Gedächtnisprotokolle zu den Verhaftungen am 7. und 8. Oktober 1989 in Berlin.

Berlin, den 8.10.89

Liebe Gemeinde!

Ich bin eine Mutter von zwei Söhnen im Alter von 17 und 12 Jahren. Mein 12jähriger Sohn wird wohl diesen 40. Geburtstag nie in seinem Leben vergessen. Ich möchte Ihnen ausführlich berichten, was mein jüngster Sohn am 7. Oktober erleben mußte.

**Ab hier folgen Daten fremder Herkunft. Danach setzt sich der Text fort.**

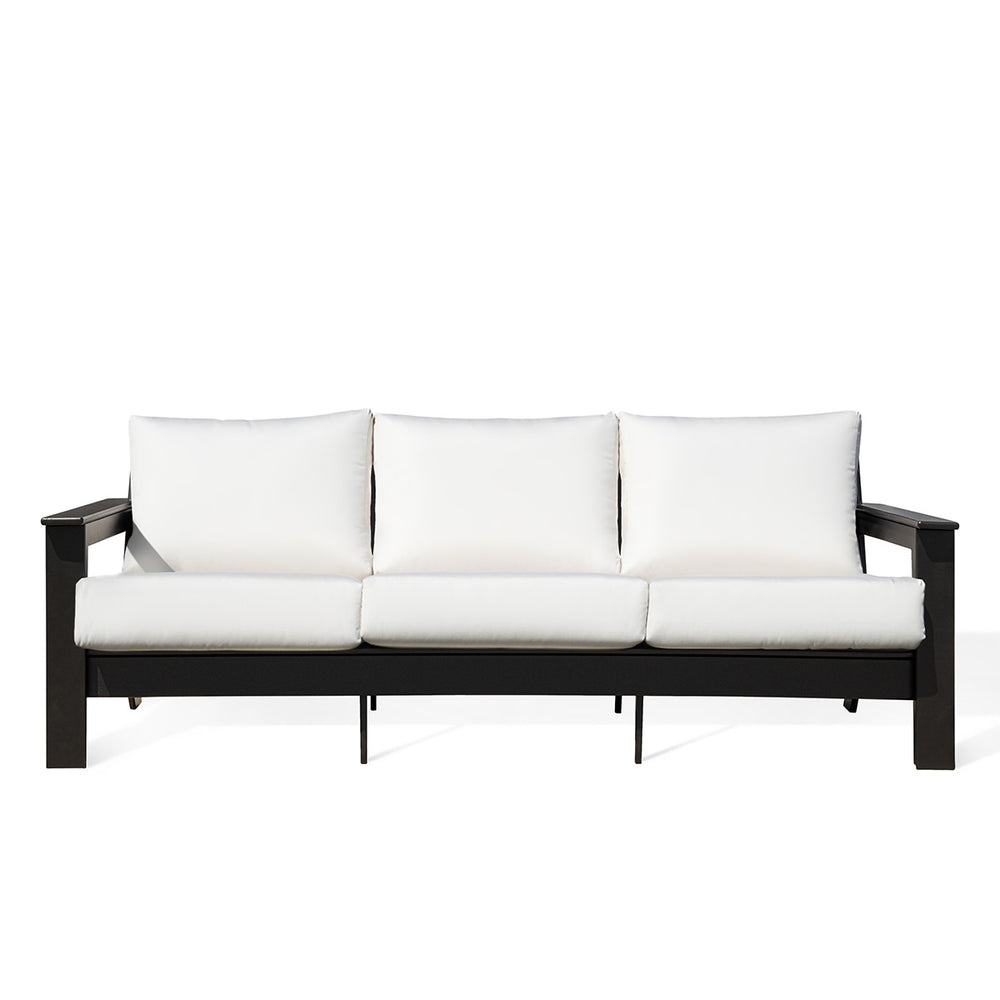 Hickory Polymer Outdoor Loveseat with Sunbrella® Canvas White cushions and black frame, stylish coastal design in Oakville, ON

Um ca. 20.00 Uhr bin ich mit meinem Sohn noch etwas spazieren gegangen. Wir trafen Bekannte und unterhielten uns ca. 1 Stunde in der Stargarder Straße. Als ich mit meinem Sohn in die Lychener Str. einbog, war dort alles von Volkspolizisten abgesperrt. Ich wollte mit meinem Kind nur nach Hause, denn wir wohnen in der Lychener Str. Plötzlich wurde in der Stargarder Str. ein Jugendlicher von mindestens 6 Polizisten mit Knüppeln geprügelt. Dieser Jugendliche schrie so herzzerreißend, daß man unwillkürlich stehen blieb. Dann kam die VP mit dem Kommando „einfangen“ oder so ähnlich. Mein Sohn wurde am Ärmel gerissen und auf ein bereitstehendes VP-Lastauto gezerrt und ich gleich hinterher. Ich habe diese Leute darauf hingewiesen, daß es ein Kind von 12 Jahren sei. Aber diese Leute von der VP waren taub. Wir wurden dann mit mehreren Autos auf irgendein VP-Revier transportiert. Dort mußten wir einzeln unsere Personalien ansagen und die Personalausweise abgeben. Auch dort habe ich die VP darauf hingewiesen, daß ich ein Kind von 12 Jahren bei mir habe, wieder keine menschliche Reaktion. Vor den Augen des Kindes wurde ein Mann auf
dem Hof von der VP ins Gesicht geschlagen und mit Knüppeln von drei weiteren VP geprügelt. Mein Sohn weinte die ganze Zeit und hatte furchtbare Angst, auch solche Prügel zu beziehen. Er flüsterte mir öfter voller Angst zu „Mutti, bitte sei ruhig, Mutti, bitte sag nichts“. Dann mußten wir, ich weiß nicht wie lange, in einer Garage mit dem Gesicht zur Wand stehen. Später wurde ich zusammen mit meinem Sohn von der
Kripo oder Stasi verhört, und es wurde ein zwei Seiten langes Protokoll geschrieben. Inzwischen war es bereits ca. 24.00 Uhr. Anschließend mußten wir wieder in dieser Garage mit dem Gesicht zur Wand stehen. Später, ca. um 1.00 Uhr, mußten wir wieder auf die LKW der VP. Danach wurden wir in die Haftanstalt nach Rummelsburg gefahren. Mein Sohn hat auf diesem offenen LKW gefroren, war übermüdet und total verängstigt. Eine Stunde saßen wir auf diesem kalten LKW, bis man mich mit meinem Kind rausholte.
Dann wurde mein Kind wie ein Schwerverbrecher mit der Nummer 48 auf der Brust fotografiert und registriert. Nachdem man meine Personalien nochmals aufgenommen hatte, wurde dann entschieden, daß ich mit meinem Sohn nach Hause darf. Es war inzwischen 3.00 Uhr, und wir befanden uns in Rummelsburg. Ich hatte kein Geld bei mir, und die öffentlichen Verkehrsmittel fuhren zu dieser Zeit auch nicht. Ein fremder Autofahrer fuhr uns dann bis vor unsere Haustür.
Ich bin über diese Behörden, die eigentlich unsere Freunde und Helfer sein sollten, dermaßen empört und weiß nicht, wie ich dieses zum Ausdruck bringen kann! Ich möchte, daß die Öffentlichkeit erfährt, daß unser angeblich "„kinderfreundlicher Staat“ keine Rücksicht auf ein 12jähriges Kind genommen hat. Für mich gibt es nur noch den Wunsch, diesen Staat so schnell wie möglich zu verlassen. Ich möchte nicht eines Tages zusehen müssen, wie einer meiner Söhne auf der Straße zusammengeprügelt wird.
Ich denke auch an die vielen Jugendlichen, die jetzt im Gefängnis sitzen.
Ich bedanke mich bei der Gemeinde, daß man bei Ihnen Menschen findet, die ein offenes Ohr für ihre Mitmenschen haben.